Le Colonel Mamadi Doumbouya semble avoir plus de chance que le Colonel Lansana Conté en 1984 et le Capitaine Moussa Dadis Camara en 2008 sur un point au moins. Ces derniers avaient perpétré leur putsch contre des présidents décédés, si on pouvait vraiment appeler cela coups d’État.

Les partisans ou soutiens de ces deux anciens présidents dont les régimes ont été renversés à leur mort ne pouvaient entreprendre aucune action ou organiser aucun mouvement de soutien, pour demander leur retour au pouvoir, puisqu’ils étaient déjà morts et que toute initiative dans ce sens était sans objet. Ils n’avaient d’autre choix que de prendre acte de la nouvelle donne et de s’y inscrire de manière sincère ou non, au risque d’être abandonné sur le quai.

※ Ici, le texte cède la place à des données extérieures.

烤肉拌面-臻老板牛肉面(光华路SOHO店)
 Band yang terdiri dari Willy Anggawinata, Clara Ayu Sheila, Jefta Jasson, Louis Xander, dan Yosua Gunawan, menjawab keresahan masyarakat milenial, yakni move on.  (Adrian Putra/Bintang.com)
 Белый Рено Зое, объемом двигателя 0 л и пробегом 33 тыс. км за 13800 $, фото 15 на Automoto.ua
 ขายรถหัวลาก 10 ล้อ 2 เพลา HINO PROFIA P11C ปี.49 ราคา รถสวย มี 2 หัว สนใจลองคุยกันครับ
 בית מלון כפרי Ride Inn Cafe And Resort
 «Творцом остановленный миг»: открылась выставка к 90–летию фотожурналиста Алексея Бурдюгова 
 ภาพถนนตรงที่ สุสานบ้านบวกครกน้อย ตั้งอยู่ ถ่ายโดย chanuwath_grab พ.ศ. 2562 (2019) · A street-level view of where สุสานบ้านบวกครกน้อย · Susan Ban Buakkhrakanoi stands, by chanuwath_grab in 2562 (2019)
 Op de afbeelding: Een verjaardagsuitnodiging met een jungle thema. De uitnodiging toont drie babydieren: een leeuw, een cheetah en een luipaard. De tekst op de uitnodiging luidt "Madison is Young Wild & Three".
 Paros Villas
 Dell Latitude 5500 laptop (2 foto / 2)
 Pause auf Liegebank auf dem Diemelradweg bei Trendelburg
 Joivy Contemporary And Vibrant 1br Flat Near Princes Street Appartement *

Le Président du CNRD a quant à lui renversé un Président au pouvoir qu’il tient d’ailleurs en captivité.

Il a sans doute constaté la rapidité et la facilité avec lesquelles les partisans du Président déchu ont, pour la plupart d’entre eux, retourné leurs vestes et ont adapté leurs discours à la nouvelle situation ; certains cherchant même à en tirer profit. Ils font semblant d’avoir oublié qu’il y a quelque temps, ils juraient par le nom d’Alpha Condé. Un d’entre eux avait même déclaré qu’il se suiciderait si celui-ci n’était pas élu pour un troisième mandat. Tout porte à croire qu’il n’est pas prêt à mettre fin à ses jours à la suite de la chute de son champion.

Le Président du CNRD a dû se rendre compte qu’il n’a pas intérêt à se prendre pour un demi-dieu ou un homme irremplaçable, car le jour où il ne serait plus aux affaires, même ses partisans les plus engagés pourraient tourner sa page aussi rapidement que ceux d’Alpha Condé ont tourné la sienne.

Quand on entend aujourd’hui certains ergoter sur les défauts d’Alpha Condé, on se demande s’ils sont des guinéens venus d’ailleurs et s’ils ne sont pas de ceux qui le magnifiaient et le glorifiaient il y a juste un mois.

Tirant les leçons du cas Alpha Condé, le Colonel Mamadi Doumbouya sera peut-être moins sensible aux discours des flagorneurs. Il sait qu’en cas de changement, ce sont les mêmes qui le cloueront au pilori. Un adage de chez nous dit que c’est en voyant la façon dont la poule est déplumée que la perdrix se rend compte du traitement qui pourrait lui être réservé.

Alpha Condé est tombé le 5 septembre. Même un chat n’a pas bougé et on a entendu les mouches voler. Qui l’eut cru, avec tous les discours qu’on entendait ? Hormis quelques jeunes qui se sont exprimés en France et au siège du RPG et dont le nombre était extraordinairement infime, personne ne semble regretter la chute brutale de celui qu’on appelait avec emphase il y a juste quelques semaines le «Professeur ». Pourtant, l’on avait tenté maintes fois de lui faire comprendre que personne n’est indispensable. Un mois après qu’il a été délogé du Palais « Sékhoutoureya», la Guinée reste debout.

Le Colonel Mamadi Doumbouya ne pourra donc commettre la même faute que lui en pensant qu’il est un homme providentiel. C’est du moins ce qu’on espère, dans son propre intérêt et celui des millions de guinéens qui semblent fonder un grand espoir en lui.